C’est pour cela sans doute que l’engagement politique m’est assez étranger et que le mien est pour le moins flou. S’engager politiquement signifie le plus souvent des opinions tranchées, et un refus de ceux d’en-face que j’ai du mal à pratiquer. Rien que dans ma famille, il y a des votants Sarkozy, d’autres chez les Verts, un ou deux centristes tendance Bayrou, des socialistes et même un royaliste (pas partisan de Ségolène, un royaliste à l’ancienne, si, si…). Qu’est-ce que vous voulez que je fasse avec ça ? Détester en bloc ou en particulier certains de ceux-là ? Non, je m’en fous, j’avoue. D’aucuns me trouveront peut-être inadmissiblement « tiède ». C’est possible. J’ai une sainte horreur de l'homme Sarko, mais je crois très sincèrement qu’il y a sûrement des sarkozystes sympas et de valeur. Je me refuse au manichéisme primaire qui consiste à rejeter un clan dans son ensemble.
De même, épargnez-moi les tartes à la crème en vogue style « anti-bobo » : j’en connais plein des bobos, si ça se trouve, j’en suis une aux yeux de certains, d’ailleurs. J’habite Belleville, je bosse dans le ciné… Il y en a des très cons, je vous l’accorde, d’autres sont des humains de valeur, vraiment. Les généralisations bêtasses, à leur sujet comme au sujet des « bourgeois » ou toute autre catégorie - que j’ai été jugée comme en faisant partie ou non, d’ailleurs- me saoûlent carrément. (il se trouve juste que j’ai souvent été – sévèrement – cataloguée dans l’une ou l’autre de ces catégories, alors je connais la virulence méprisante de leurs détracteurs).
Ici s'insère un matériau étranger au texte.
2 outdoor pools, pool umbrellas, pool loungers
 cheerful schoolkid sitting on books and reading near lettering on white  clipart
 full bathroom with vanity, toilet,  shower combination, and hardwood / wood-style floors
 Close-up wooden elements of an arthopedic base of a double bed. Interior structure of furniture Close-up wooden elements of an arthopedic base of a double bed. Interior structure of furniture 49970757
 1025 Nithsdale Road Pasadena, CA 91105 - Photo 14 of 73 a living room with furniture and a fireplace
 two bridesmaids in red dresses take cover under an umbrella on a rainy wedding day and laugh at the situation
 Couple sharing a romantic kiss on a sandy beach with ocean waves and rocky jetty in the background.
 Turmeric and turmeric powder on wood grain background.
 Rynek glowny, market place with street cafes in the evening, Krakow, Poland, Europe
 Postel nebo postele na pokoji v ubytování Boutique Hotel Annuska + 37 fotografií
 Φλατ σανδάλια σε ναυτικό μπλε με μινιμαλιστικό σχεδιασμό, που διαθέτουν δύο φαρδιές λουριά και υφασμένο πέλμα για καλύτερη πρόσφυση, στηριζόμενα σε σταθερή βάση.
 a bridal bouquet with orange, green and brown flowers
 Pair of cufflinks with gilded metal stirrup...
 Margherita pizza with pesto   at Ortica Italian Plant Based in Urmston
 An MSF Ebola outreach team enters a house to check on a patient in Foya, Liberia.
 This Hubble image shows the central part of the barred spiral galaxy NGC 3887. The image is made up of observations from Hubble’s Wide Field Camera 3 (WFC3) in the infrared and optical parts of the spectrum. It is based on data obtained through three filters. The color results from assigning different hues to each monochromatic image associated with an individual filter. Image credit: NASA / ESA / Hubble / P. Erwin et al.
De la même façon, je me fous que vous soyez athée, catho, mulsuman, juif pratiquant ou partisan de toute autre église ou congrégation, tant que vous ne faites pas de prosélytisme envahissant ou que vous ne prétendez pas détenir LA vérité, que ce soit dans la conviction ou le refus de Dieu et que vous n'essayez pas de démontrer à quiconque qu'il a tort de penser ce qu'il pense. J’ai le plus profond respect pour toute conviction, tant qu’elle s’exerce librement et sans « intégrisme », toute véhémence à démontrer une conviction de quelque nature que ce soit, m'apparaissant aussi suspecte qu'envahissante (ne pas confondre véhémence et passion, cependant, j'ai toute indulgence pour la deuxième). Mes convictions à moi - spirituelles plus que religieuses en ce qui me concerne - peuvent apparaître étranges à d’aucuns, je ne les impose à quiconque et j’aime assez fréquenter ceux qui en professent d’autres que moi, avec tolérance, ils me font avancer. J’espère que certains peuvent en dire autant de moi, tout simplement.
Je suis particulièrement heureuse d'avoir trouvé cet échange tolérant et riche sur les blogs. Sans se connaître, juste par les mots de chacun, on se rencontre, on se comprend, on s'écoute, sans préjuger de quiconque sur une apparence physique, l'appartenance supposée à un groupe. On se retrouve sur des affinités ou au contraire sur des différences qu'on explore avec curiosité. Je ne dirai jamais assez le bonheur de rencontrer par ce biais des inconnus intimes que je n'aurais jamais pu croiser dans la vie "réelle", si loins de moi, géographiquement, professionnellement, ou de par leurs préoccupations quotidiennes, et pourtant ici, nos chemins parviennent à se croiser. J'en espère encore beaucoup d'autres, même si j'écris moins. Je garderai ce fil, aussi ténu qu'il soit, pour ces rencontres-là, sans préjugés, juste de l'espoir. Et du plaisir.